In the above embodiment, the heating chamber 2 and the inner case 3 have a cylindrical shape, but even if they are rectangular, the partition plate 10 can be provided in the same way, and in that case, the same as described above can be applied. A similar effect can be obtained. Moreover, it goes without saying that this invention can be applied not only to horizontal furnaces but also to vertical furnaces.

"Effects of the invention" As explained in detail above, according to this invention, a plurality of partition plates are provided to partition the space between the inner surface of the furnace body and the outer surface of the heating chamber into upper and lower parts, so that convection within the space is suppressed, and the internal temperature is approximately equal between the upper and lower portions, thus achieving the effect that the temperature difference inside the heating chamber can be reduced.
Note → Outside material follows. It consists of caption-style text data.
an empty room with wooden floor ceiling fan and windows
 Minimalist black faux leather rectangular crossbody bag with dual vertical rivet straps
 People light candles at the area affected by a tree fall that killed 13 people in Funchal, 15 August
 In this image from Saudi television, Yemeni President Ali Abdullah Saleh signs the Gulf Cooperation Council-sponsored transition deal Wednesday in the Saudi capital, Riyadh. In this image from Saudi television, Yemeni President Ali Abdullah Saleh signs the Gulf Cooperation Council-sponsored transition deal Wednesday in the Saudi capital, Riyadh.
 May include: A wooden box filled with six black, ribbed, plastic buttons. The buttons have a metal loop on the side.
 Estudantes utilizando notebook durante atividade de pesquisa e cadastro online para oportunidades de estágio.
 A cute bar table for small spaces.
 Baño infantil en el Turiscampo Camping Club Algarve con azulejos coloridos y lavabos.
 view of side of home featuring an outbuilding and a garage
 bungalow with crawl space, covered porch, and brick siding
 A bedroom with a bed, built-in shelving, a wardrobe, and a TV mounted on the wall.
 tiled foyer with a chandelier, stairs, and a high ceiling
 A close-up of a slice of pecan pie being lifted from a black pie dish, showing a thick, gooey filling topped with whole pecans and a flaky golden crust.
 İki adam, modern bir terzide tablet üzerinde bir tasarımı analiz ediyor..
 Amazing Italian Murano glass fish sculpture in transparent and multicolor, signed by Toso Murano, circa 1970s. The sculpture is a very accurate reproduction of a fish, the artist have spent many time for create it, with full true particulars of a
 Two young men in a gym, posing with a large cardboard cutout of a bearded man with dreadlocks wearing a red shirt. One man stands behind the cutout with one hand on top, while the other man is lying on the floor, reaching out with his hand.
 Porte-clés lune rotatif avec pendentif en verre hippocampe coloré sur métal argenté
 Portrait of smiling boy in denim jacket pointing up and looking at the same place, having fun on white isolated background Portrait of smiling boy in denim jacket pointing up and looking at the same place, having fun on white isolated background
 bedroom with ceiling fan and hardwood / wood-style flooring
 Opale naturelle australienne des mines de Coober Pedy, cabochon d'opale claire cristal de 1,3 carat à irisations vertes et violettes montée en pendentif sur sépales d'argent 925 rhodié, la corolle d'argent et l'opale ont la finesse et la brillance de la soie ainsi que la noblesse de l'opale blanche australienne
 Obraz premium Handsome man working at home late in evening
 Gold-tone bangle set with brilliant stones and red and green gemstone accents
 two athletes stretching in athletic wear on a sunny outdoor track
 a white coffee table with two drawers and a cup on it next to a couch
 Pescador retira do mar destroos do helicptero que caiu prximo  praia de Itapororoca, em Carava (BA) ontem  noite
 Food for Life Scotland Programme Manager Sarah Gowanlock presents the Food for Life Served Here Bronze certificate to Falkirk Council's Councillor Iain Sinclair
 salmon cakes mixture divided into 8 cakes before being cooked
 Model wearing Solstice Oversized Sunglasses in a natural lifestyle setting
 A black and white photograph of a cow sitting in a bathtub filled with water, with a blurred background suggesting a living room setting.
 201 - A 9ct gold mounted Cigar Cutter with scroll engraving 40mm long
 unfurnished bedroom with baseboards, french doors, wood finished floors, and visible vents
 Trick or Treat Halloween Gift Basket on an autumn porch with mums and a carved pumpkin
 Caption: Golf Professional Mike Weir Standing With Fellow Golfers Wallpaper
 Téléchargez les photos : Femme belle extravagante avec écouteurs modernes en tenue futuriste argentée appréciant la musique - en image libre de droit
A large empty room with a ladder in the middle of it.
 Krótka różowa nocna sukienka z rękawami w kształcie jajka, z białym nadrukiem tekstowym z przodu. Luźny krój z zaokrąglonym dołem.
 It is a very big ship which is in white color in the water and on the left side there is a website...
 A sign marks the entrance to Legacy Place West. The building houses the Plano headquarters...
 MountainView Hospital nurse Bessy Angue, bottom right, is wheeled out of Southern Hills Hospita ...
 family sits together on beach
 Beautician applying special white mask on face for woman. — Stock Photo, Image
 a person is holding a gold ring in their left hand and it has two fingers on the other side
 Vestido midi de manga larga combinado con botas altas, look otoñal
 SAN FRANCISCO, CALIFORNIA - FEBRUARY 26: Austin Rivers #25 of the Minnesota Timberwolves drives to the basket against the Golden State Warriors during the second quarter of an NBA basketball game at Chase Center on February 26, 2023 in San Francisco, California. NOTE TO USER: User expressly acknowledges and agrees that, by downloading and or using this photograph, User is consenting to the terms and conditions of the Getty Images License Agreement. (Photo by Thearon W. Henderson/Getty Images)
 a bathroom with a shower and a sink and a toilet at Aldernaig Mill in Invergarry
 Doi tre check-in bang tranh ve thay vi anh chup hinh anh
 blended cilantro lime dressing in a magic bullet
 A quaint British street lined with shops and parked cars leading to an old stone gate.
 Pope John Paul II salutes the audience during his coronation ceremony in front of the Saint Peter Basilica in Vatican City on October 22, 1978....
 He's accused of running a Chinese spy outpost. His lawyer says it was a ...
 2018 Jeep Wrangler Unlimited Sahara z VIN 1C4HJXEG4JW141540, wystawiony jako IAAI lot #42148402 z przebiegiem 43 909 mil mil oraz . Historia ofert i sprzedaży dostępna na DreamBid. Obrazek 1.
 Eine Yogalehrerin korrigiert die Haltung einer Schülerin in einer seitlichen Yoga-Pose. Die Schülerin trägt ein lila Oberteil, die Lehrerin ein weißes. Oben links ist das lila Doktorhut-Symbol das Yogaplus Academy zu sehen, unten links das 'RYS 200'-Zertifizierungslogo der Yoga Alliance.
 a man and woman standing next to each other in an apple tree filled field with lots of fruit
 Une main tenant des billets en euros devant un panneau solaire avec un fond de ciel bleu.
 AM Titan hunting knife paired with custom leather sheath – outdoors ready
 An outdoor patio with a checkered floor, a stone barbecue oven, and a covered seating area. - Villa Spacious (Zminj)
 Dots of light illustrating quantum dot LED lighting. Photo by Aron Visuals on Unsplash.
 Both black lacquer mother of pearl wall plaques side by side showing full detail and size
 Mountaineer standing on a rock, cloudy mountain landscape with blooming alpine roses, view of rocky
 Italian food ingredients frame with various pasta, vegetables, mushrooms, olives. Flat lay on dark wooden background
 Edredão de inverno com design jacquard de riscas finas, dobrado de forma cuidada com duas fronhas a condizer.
Therefore, it becomes possible to uniformly heat the object to be processed from its surroundings, and a high-quality sintered product can be obtained.

[Brief explanation of the drawing]

Figures 1 and 2 show an embodiment of this invention. Figure 1 is a front sectional view showing a schematic configuration of one embodiment of this invention, and Figure 2 shows another example of the configuration of this invention. FIG. 3 and 4 show the schematic structure of a conventional sintering furnace, with FIG. 3 being a front sectional view and FIG. 4 being a side sectional view. 1...Furnace body, 2...Heating chamber, 4...Heater,
5...Processing object, 9...Space, 10...Partition plate,
11...Small space.

Claims (1)

[Scope of utility model registration request] A heating chamber is disposed inside a furnace body capable of maintaining a pressurized state, and a heater is disposed inside the heating chamber, and the inside of the furnace body and the heating chamber are heated by atmospheric gas. In a pressure sintering furnace configured to heat a workpiece placed inside a heating chamber in a pressurized gas atmosphere by applying pressure,
A pressure sintering furnace characterized in that a plurality of partition plates are provided between the inner surface of the furnace body and the outer surface of the heating chamber to vertically partition a space formed by them.